━━━━━ Extracted entries ━━━━━
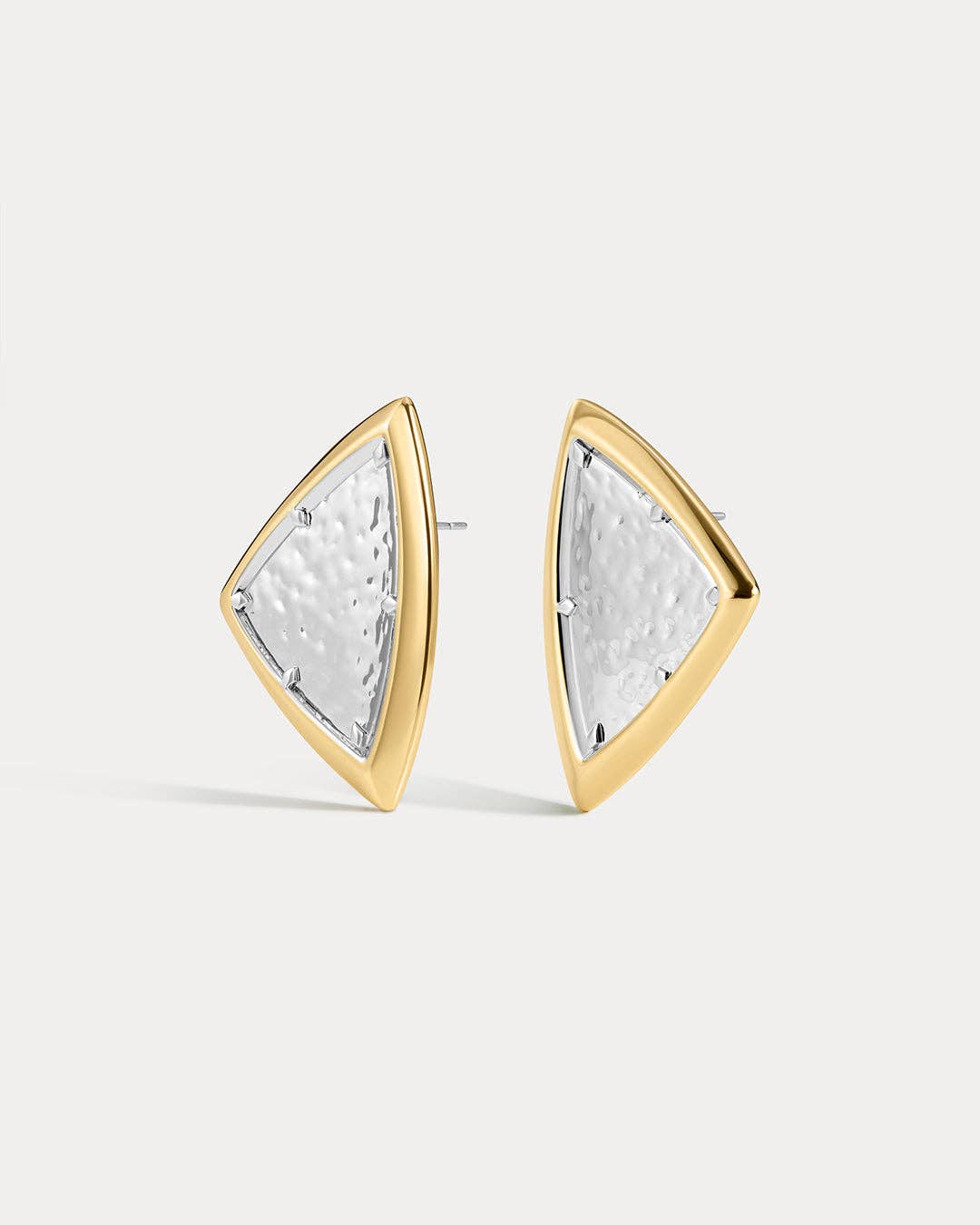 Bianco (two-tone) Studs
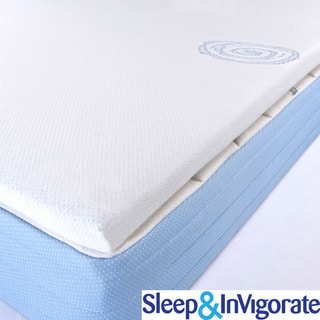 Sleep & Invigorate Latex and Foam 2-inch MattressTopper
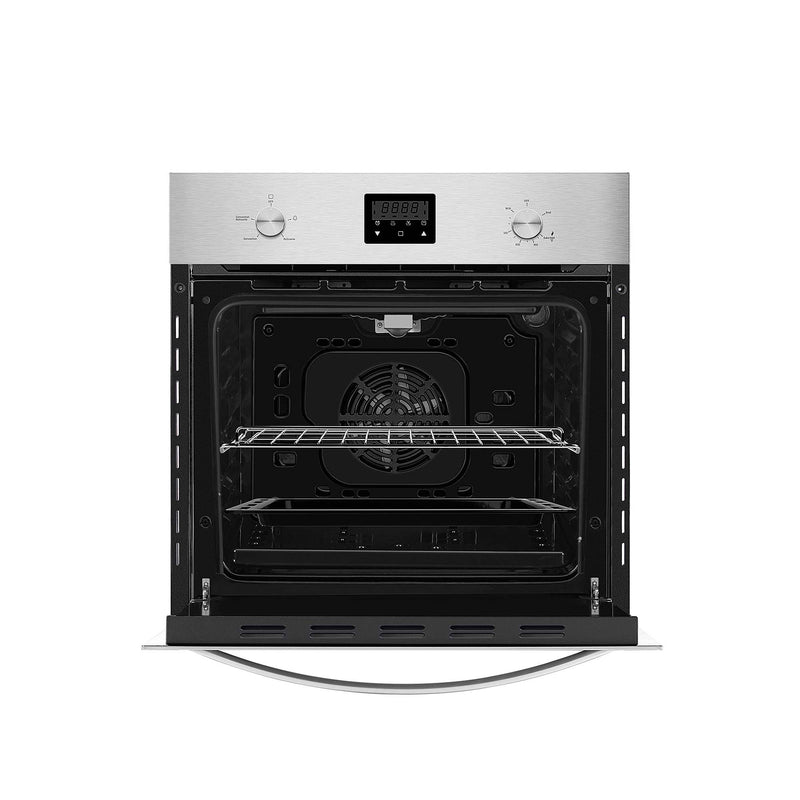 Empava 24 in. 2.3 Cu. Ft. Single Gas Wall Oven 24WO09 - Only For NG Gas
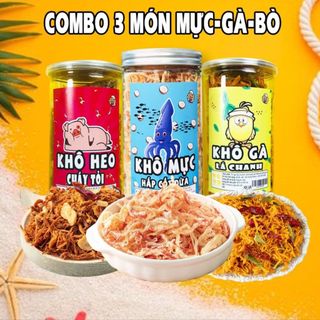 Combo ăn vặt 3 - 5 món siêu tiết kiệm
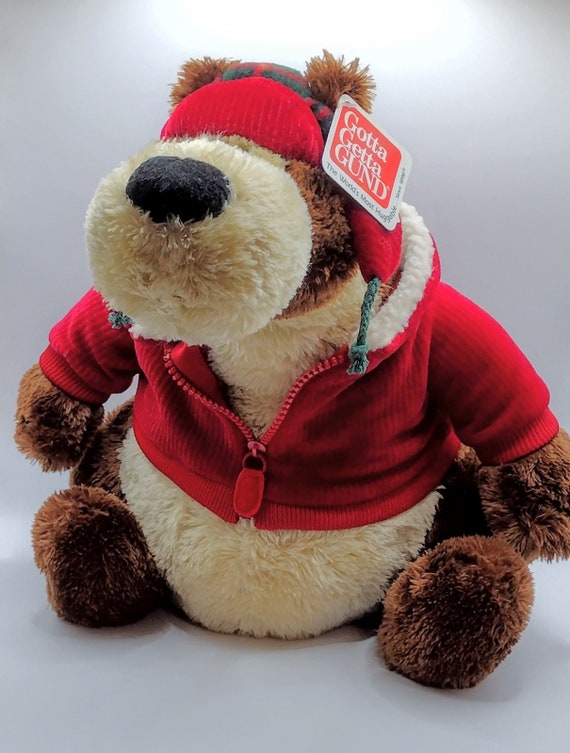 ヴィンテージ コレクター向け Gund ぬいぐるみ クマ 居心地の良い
━━━━━
*Exercise requirements*: Reproduce the lines from the one with "Sleep & Invigorate" through the end of the data, keeping both end lines, adding nothing, and dropping any pictures.

*Solution for this exercise*:
 Sleep & Invigorate Latex and Foam 2-inch MattressTopper
 Empava 24 in. 2.3 Cu. Ft. Single Gas Wall Oven 24WO09 - Only For NG Gas
 Combo ăn vặt 3 - 5 món siêu tiết kiệm
 ヴィンテージ コレクター向け Gund ぬいぐるみ クマ 居心地の良い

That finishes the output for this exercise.